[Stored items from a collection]
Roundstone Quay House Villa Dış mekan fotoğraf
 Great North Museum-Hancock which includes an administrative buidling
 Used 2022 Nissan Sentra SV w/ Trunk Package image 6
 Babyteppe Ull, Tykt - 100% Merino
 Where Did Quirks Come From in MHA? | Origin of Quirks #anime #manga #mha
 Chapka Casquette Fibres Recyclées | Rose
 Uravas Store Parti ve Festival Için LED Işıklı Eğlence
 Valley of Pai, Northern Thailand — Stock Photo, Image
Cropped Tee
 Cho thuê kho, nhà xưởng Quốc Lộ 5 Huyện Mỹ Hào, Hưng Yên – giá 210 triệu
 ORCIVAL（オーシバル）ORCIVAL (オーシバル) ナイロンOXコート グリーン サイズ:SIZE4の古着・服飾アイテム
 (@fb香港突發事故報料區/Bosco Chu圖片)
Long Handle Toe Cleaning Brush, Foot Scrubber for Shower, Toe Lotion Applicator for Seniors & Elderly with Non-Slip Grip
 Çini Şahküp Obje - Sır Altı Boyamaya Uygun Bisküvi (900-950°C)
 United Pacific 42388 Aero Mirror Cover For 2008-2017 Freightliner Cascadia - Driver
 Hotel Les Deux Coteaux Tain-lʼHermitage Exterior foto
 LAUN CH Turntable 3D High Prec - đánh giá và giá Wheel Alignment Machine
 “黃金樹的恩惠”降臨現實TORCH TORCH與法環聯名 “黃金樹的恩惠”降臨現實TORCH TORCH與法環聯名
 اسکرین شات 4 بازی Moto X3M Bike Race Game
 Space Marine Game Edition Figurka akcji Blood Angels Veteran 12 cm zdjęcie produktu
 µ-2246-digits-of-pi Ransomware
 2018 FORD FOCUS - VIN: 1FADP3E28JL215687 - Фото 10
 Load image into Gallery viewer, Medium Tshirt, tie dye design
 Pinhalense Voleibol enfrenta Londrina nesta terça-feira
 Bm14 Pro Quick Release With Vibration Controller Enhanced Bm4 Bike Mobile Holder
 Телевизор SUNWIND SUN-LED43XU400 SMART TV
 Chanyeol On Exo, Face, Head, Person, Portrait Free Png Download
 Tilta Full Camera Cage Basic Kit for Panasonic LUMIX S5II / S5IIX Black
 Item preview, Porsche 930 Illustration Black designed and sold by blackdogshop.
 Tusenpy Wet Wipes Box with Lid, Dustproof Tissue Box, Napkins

- PROBLEM STATEMENT
If a line in the data above includes the string "Game", copy it.

- SOLUTION FOR THIS PROBLEM
 اسکرین شات 4 بازی Moto X3M Bike Race Game
 Space Marine Game Edition Figurka akcji Blood Angels Veteran 12 cm zdjęcie produktu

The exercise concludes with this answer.